Affrontare una tema che ha attinenza con la sessualità, è innegabile, crea sovente falsi pudori, molto spesso disorientanti e deleteri. È bene dunque confrontarsi sin dall'inizio con le parole di Cristo: «Sia invece il vostro parlare: "Sì, sì", "No, no"; il di più viene dal Maligno» (Mt 5,37). La trattazione che segue, seguendo schiettamente questo comando e senza la pretesa di risultare un punto di riferimento, si pone lo scopo di chiarire alcuni punti sull'argomento.
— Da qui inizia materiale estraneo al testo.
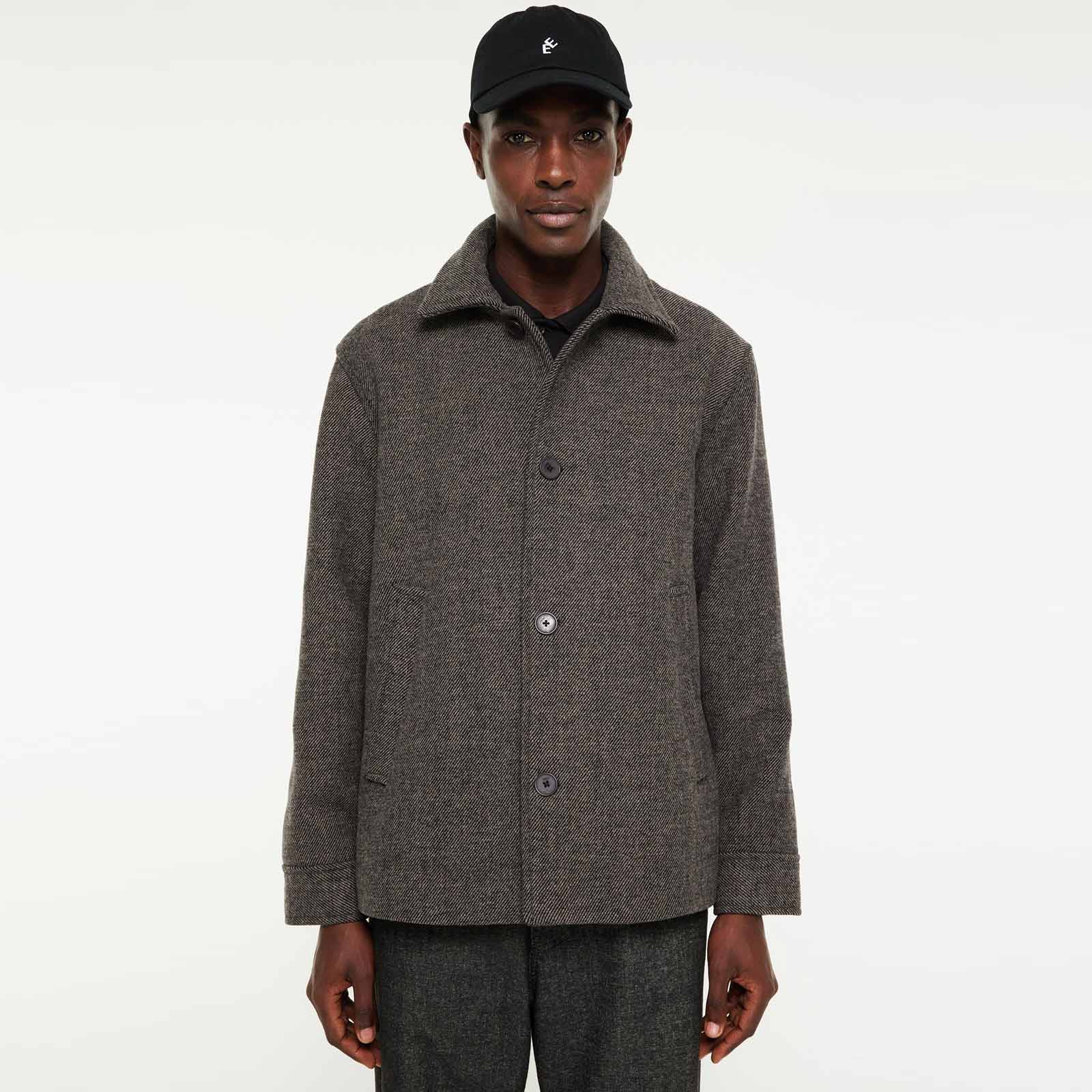 Ciaran Car Coat salt & pepper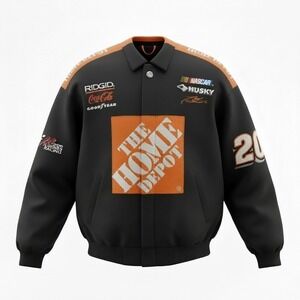 Vintage Chase Authentics Tony Stewart #20 Home Depot Nascar Racing Jacket XXL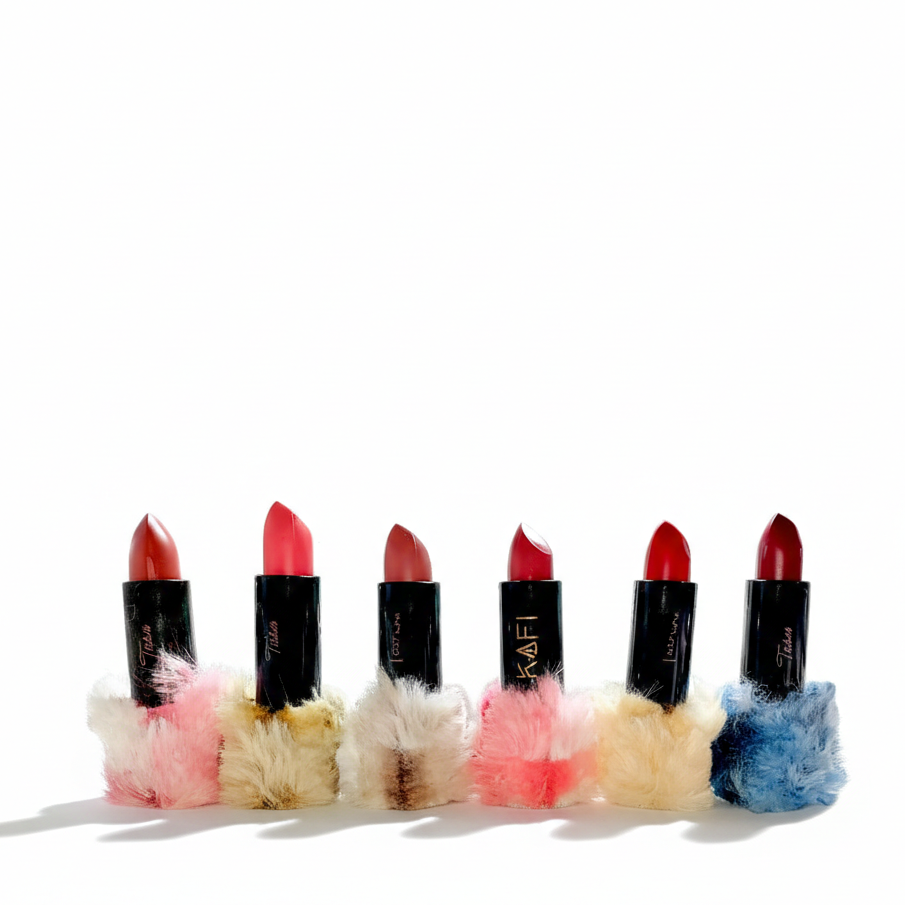 High Pigmented Fluffy Velvet Matte Lipstick – Pack of 6 | Soft Matte Finish | Long-Lasting Bold Shades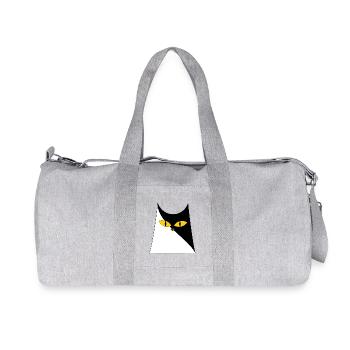 Katze mit gelben Augen - Recycelte Canvas-Sporttasche von Stanley/Stella - Grau meliert - Vorne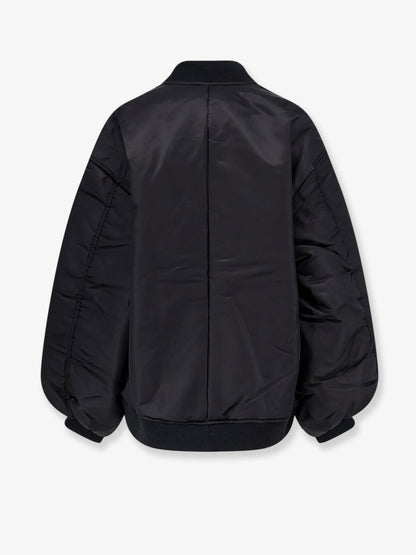 The Frankie Shop Astra nylon jacket - Black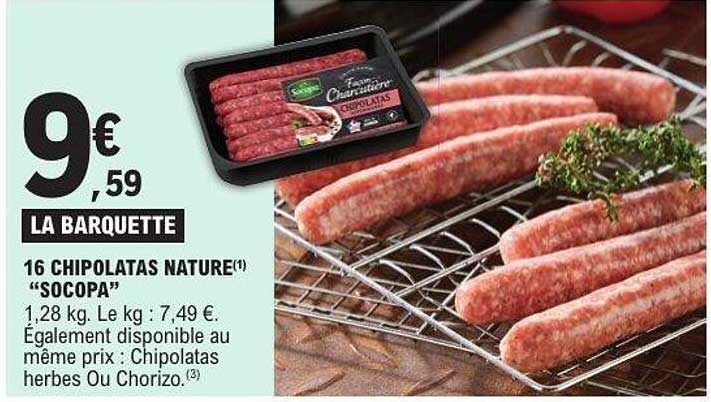 16 CHIPOLATAS NATURE SOCOPA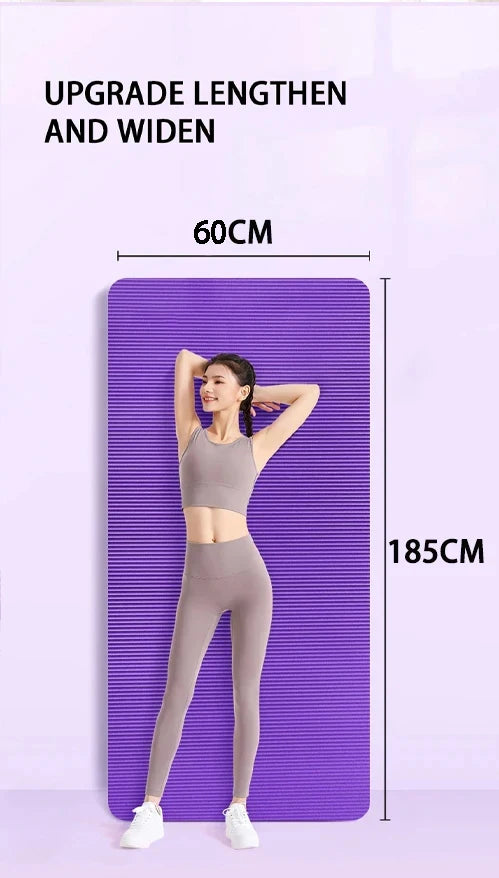 15MM//20MM Thick Non-slip Yoga Mat High-density Sports Fitness Mat Home Sports Pilates Gymnastics Exercise Gymnastics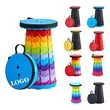 Portable Retractable Folding Stool Collapsible Telescoping | https://www.bestnamebadges.com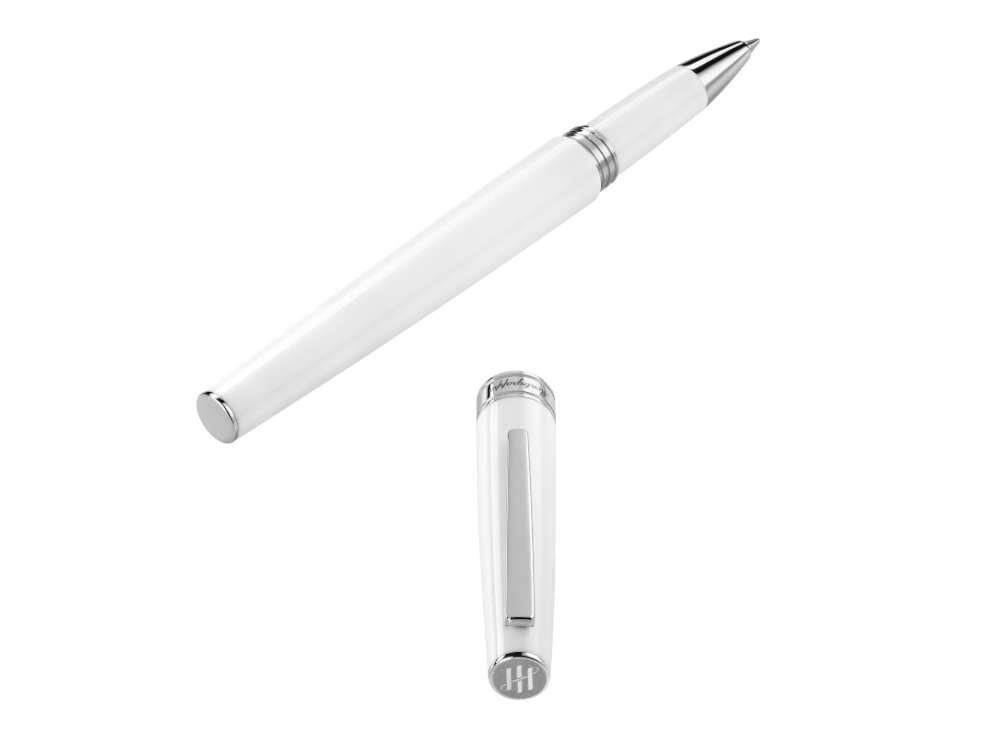 Montegrappa Armonia Frost Roller, Edelharz, Weiss, ISA1RRAW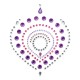 Bijoux Indiscrets Flamboyant Rhinestone Jewellery Purple Pink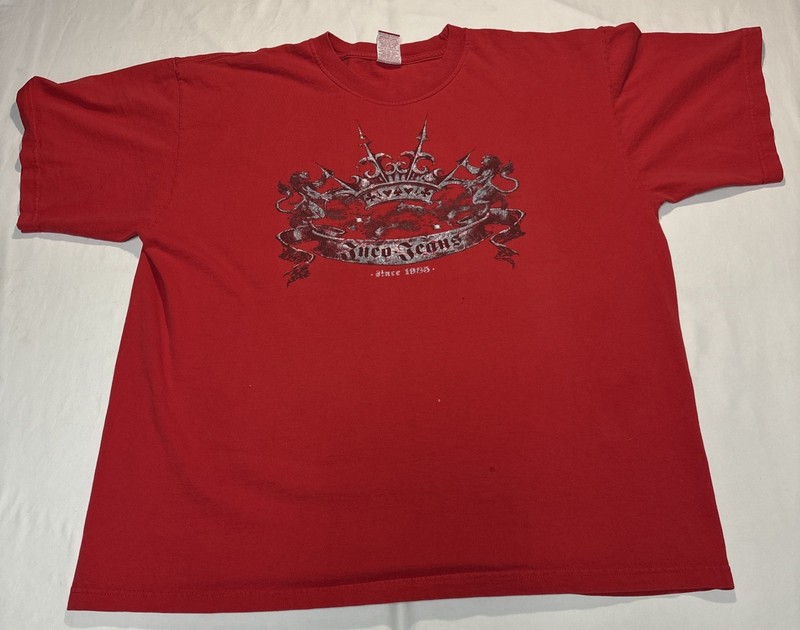 Vintage JNCO Jeans Shirt XXL Red Lion Crown Graphic Print Cotton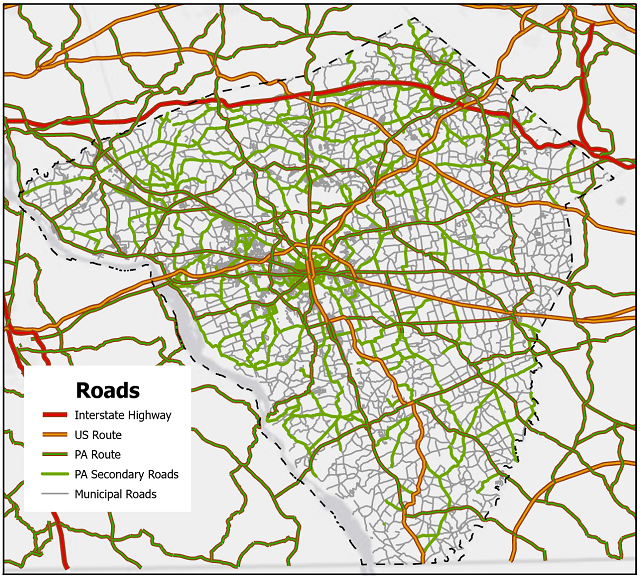 Lancaster County roads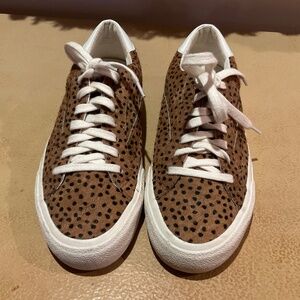 Madewell Calf Fur Leather Fashion Sneakers Size 6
Il Catechismo della Chiesa Cattolica, naturale riferimento per il credente e per il non credente che inteda approcciarsi alla Chiesa di Cristo, inserisce l'omosessualità nel novero dei quattro peccati che gridano contro il cielo e si occupa espressamente di omosessualità ai numeri 2357, 2358 e 2359 (Castità e omosessualità, consultabili online sul sito della Santa Sede), che nella loro ammirevole chiarezza hanno il merito di tratteggiare in poche parole un quadro altrimenti complesso.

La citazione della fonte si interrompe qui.